Consumers failed to propel the UK economy in the first quarter as rising prices dampened appetite for spending, official figures will show this week.
City economists believe the Office for National Statistics will confirm on Thursday that economic growth more than halved to 0.3% in the first three months of the year from 0.7% in the previous quarter.
The second estimate of GDP growth provides a more detailed breakdown of how the economy performed, including a first take on consumer spending.
Philip Shaw, economist at Investec, said the detail was likely to confirm that the first quarter was “a very soft period” for household spending, following decent growth of 0.7% in the previous quarter.
He said a consumer slowdown was likely to weigh on the wider economy, which grew by 1.8% in 2016.
“Thanks to the rise in inflation, household finances are now facing headwinds rather than tailwinds and this is principally why we are expecting a year of relatively subdued GDP growth of 1.7% over 2017 as a whole,” Shaw said.
The first estimate suggested that growth in consumer-facing businesses slowed sharply in the period January to March. Growth in the service sector, which includes hotels, bars and restaurants, slowed to 0.3% from 0.8% in the fourth quarter of 2016.
Growth in industrial production and construction output also slowed over the period, to 0.1% and 0.2% respectively.
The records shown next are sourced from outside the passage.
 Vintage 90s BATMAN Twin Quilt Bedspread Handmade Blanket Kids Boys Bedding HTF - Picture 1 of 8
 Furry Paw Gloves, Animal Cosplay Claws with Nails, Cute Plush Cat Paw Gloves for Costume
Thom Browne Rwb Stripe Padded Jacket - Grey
Howard Archer, chief UK economist at IHS Markit, said there was a chance that growth could be revised down in the second estimate. “If anything the risks look to be slightly slanted to the downside rather than the upside,” he said.
Separate ONS data due on Tuesday will give the first insight into the state of the public finances after the new fiscal year got underway in April.
The figures are expected to show the government borrowed £9.5bn last month, up from £9.1bn in the same month a year earlier. It would be the highest level of borrowing in the month of April since 2015.
In the 2016-17 financial year to the end of March, borrowing fell by £20bn to £52bn after economic growth helped drive tax receipts higher, narrowing the gap between what the government spends and earns.
It was the lowest deficit since 2007-08, and meant that chancellor Philip Hammond essentially met his £51.7bn target, set by by the Treasury’s independent forecaster, the Office for Budget Responsibility, at the time of the budget in March.
However, the OBR expects borrowing to rise again this year, to £55.2bn, partly owing to one-off factors but also because of slowing growth as consumers rein in spending in response to rising shop prices.